I am a first-generation American. My mom and grandma were both born in the Soviet Union, in what is now known as Belarus. They emigrated to Brooklyn, New York in 1994.
Yes, we are Russian-speaking Jews.
No, we are not spies.
No, we are not cold-hearted.
And no, we are not surrounded by bears.
The Russian-speaking Jewish community (RSJ) faced anti-Semitism throughout the Soviet Union. Most of our families endured unimaginable hardships: the Pogroms, World War II, and the Holocaust. Many RSJ families fled after the USSR fell in 1991. Over a million went to Israel and over 300,000 went to the United States.
My family and I live in the largest Russian-speaking Jewish community in the US. When I walk through South Brooklyn and see Cyrillic letters and ladies selling piroshki, then I know I’m home.
What makes us who we are? Superstitions are a big part of our cultural identity. We love our superstitions even if we hate our superstitions. And we take them very seriously. Some superstitions have Russian Orthodox roots and others have Jewish roots. It’s hard to tell where they come from.
While the superstitions are often funny and ridiculous, it’s important to recognize that they were created as survival mechanisms. Our families had to focus on survival during very difficult times. Our superstitions are a way to maintain health, survival, and stability.
My family keeps many of these superstitions. I’m still not sure if we actually believe in them, or if it is just pure habit. Either way, they’re an essential part of our daily lives:
1. Sit before you go on a long journey.
Or, садятся “на дорожку.”
If you are leaving for a long trip, you must sit down for a minute before you go. This is your moment to reflect on your time in a place. Don’t rush it. Appreciate the space and appreciate your company. Then, when you feel ready, get up and go.
If you forget something at home after you sit down and leave, you have to be very careful. Avoid coming back into the home because this could bring great misfortune. If you have to return, you must look into a mirror in the home and then spit three times to your left. (My family spits to the right, but most families spit to the left).
If you do not look into the mirror and spit three times, then bad luck is heading your way.
We’ve got other superstitions that involve travel and good luck, too. For example, you cannot clean the home while someone is on their way traveling. If someone is on a plane and the plane has not landed yet, you should not clean the house until they arrive safely or they will get bad luck.
2. Pfu, pfu, pfu.
Let’s say you say something bad. Something bad that could theoretically happen.

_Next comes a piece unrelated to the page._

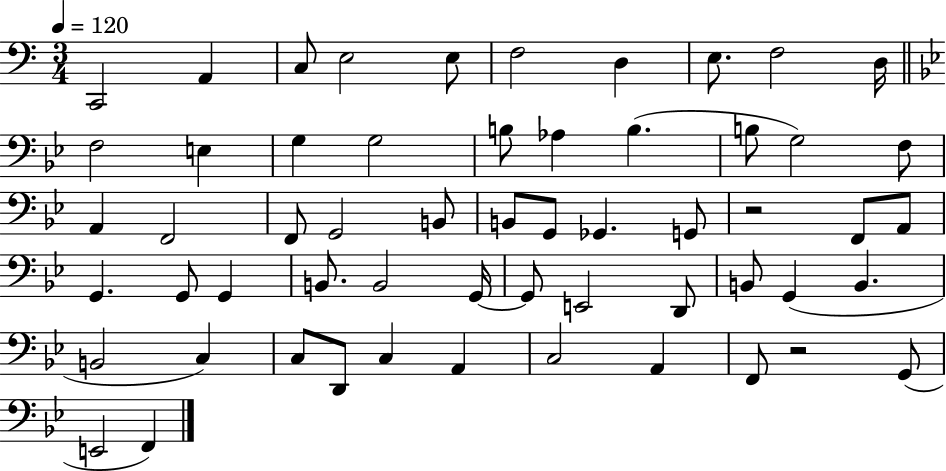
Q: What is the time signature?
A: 3/4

“I hope a car runs me over.”
“I’m going to fail this exam.”
If you want to prevent this event, you must immediately spit on your left or right side three times. You must make a “pfu” sound three times and tilt your head slightly.
My family spits to the right side. Many families spit to the left. The side you spit on is actually pretty controversial.

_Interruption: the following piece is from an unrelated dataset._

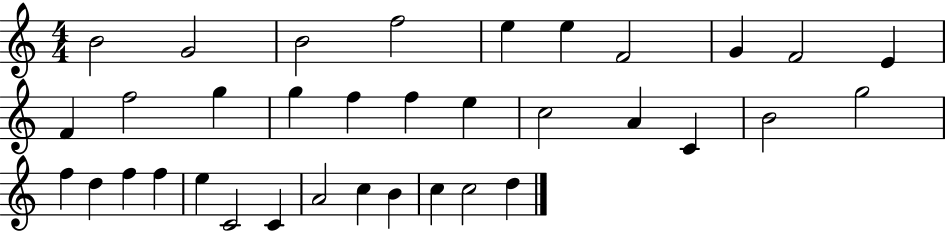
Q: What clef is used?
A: treble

As the thinking goes, there are two angels on your shoulders. There’s the bad angel on your left shoulder and the good angel on your right shoulder. If you spit on your left, you are feeding/bribing the bad angel to make sure only good things happen.
It’s an impulse reaction. If I say anything remotely bad that could happen, I have to do it. Pfu, pfu, pfu.
3. Girls do not sit at the corner of a table.
If you want to get married, avoid the corner of a table. From a young age, I was constantly moved away from the corner. My mom would immediately panic as soon as I tried to sit down and she begged me to move. If you sit at the corner of a table, you will not get married.
There are a lot of other superstitions that involve marriage and reproduction. If you drop a knife on the ground, it means a man is coming your way. If you sit on the cold ground, your ovaries might freeze. Yes, these superstitions have sexist roots. They assume that women want to get married. They assume that women want to have children. They assume that marriage and children are our main priorities in life.
The superstitions also display something very meaningful. Family matters above all else. The continuation of our people has always been our main priority. During difficult times, marriage and new children brought incredible joy.
4. Do not walk barefoot at home.
Tapochki. Tapochki. Tapochki.
If you come into an RSJ home, expect to put on some tapochki, or home shoes. Don’t worry, we have plenty for guests. Tapochki are vital in our community. Without them, we would have to walk barefoot. And no, socks are not good enough. Too thin. Your outside shoes are no good either. Too dirty. The solution: tapochki.
What happens when you walk barefoot? You will become sick. Very sick. If you do get sick, your family will remind you about your “barefoot at home” incident for days and days.
“Well, you should have worn tapochki.”
Many superstitions stem from avoiding sickness. Sickness was our greatest worry for generations. Even if the barefoot-sickness theory has not been scientifically proven, for us, it’s not worth the risk. Better safe than sorry.
These are just a few of our many superstitions. There are hundreds more. While they may seem silly, old habits die hard. Generations have passed, but these superstitions stayed with us. It’s our way of staying connected to the past, and to each other.